Je me permets de souligner que toutes ces haineuses exécutions de fous d'un dieu aussi quelconque que les autres sont perpétrées à cause de quelques dessins, des crayonnés sur bout de papier… et l'on tue pour ça ? pas vraiment, il s'agit surtout de nous ratiboiser les ailes du désir de caricaturer, se moquer, envoyer de joyeuses flèches inoffensives à la face du monde pour en souligner les travers ; une certaine liberté laïque que ne peuvent supporter les suppôts de dieu, n'importe lequel.
Je me permets de souligner que les premières victimes et les plus nombreuses des fous d'un dieu aussi quelconque que les autres sont les musulmans eux-mêmes.
Je me permets de souligner qu'il est un peu stupide de pourfendre l'Islam en son entièreté.

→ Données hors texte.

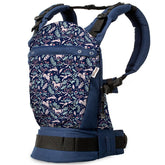 Liliputi Love Csatos Hordozó - Unikornis-1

Quel Islam ?
Un jour que je rôdais en terre étrangère, un brave gars m'expliquai que tout ce qui se raconte en France c'est contre l'Islam, c'est "pour salir l'Islam" disait-il littéralement ; "ah bon lui répondis-je, lequel d'Islam ?" Comme il bafouillait, je lui demandai des précisions, Islam prôné par les chiites ou les sunnites, malékites, soufis, ibadites, druzes, mozabites, ismaellites, halévites ?… et j'en oublie forcément n'étant pas assez versée ni studieuse pour tout retenir.
 
 
Dans le marasme ambiant, je vais souvent me réfugier chez les sites des journaux étrangers de langue française histoire de comparer les points de vue, recouper les sources ; après la mort du professeur, je fus assez surprise et plutôt ravie de lire des articles critiquant vertement les exactions déistes et surtout contente de lire les commentaires des lecteurs. Ils ragent autant que moi ! En Tunisie par ICI ou en Algérie par ICI, il faut sans doute chercher les articles un peu loin dans les pages, ça vaut le coup ils sont rafraîchissants.
Pour des analyses un peu pointues de ces problèmes géopolitiques pour lesquels je suis facilement dépassée, perdue et désolée, je me réfère à l'excellent Orient XXI
 

Avant-hier c'était la grande cérémonie pour honorer des morts, malheureux braves gars envoyés à la boucherie guerrière par les politiques du moment :

Si par malheur ils survivaient
C’était pour partir à la guerre
C’était pour finir à la guerre
Aux ordres de quelque sabreur
Qui exigeait du bout des lèvres
Qu’ils aillent ouvrir au champ d’horreur
Leurs vingt ans qui n’avaient pu naître
Et ils mouraient à pleine peur
tout miséreux oui notre bon Maître
Couverts de prèles oui notre Monsieur
Demandez-vous belle jeunesse
Le temps de l’ombre d’un souvenir
Le temps de souffle d’un soupir

Pourquoi ont-ils tué Jaurès ?
Pourquoi ont-ils tué Jaurès ? *

et ça se tient au garde-à-vous les gouvernants (gouvernent-ils ?) et ça fait transporter des gerbes de fleurs aux trois couleurs du drapeau et ça attrape froid dans les courants d'air alors ça ravive une flamme. Ça pousse le bouchon jusqu'à exhumer un cercueil d'écrivain de son cimetière jusqu'au Panthéon, grosse boursouflure néo-classique où l'on range les "grands hommes" ; ah ça ! un Genevoix parmi les Voltaire et autre Jaurès, Moulin  ? ça n'est pas à Dorgelès que ça arriverait d'être honoré pour ses écrits sur la guerre de 14-18 !

 

Aujourd'hui anniversaire des attaques de 2015 alors ça se tient au garde-à-vous les gouvernants (gouvernent-ils ?) et ça fait transporter des gerbes de fleurs aux trois couleurs du drapeau et ça attrape froid dans les courants d'air, il n'y a pas de flamme pour ces morts ci.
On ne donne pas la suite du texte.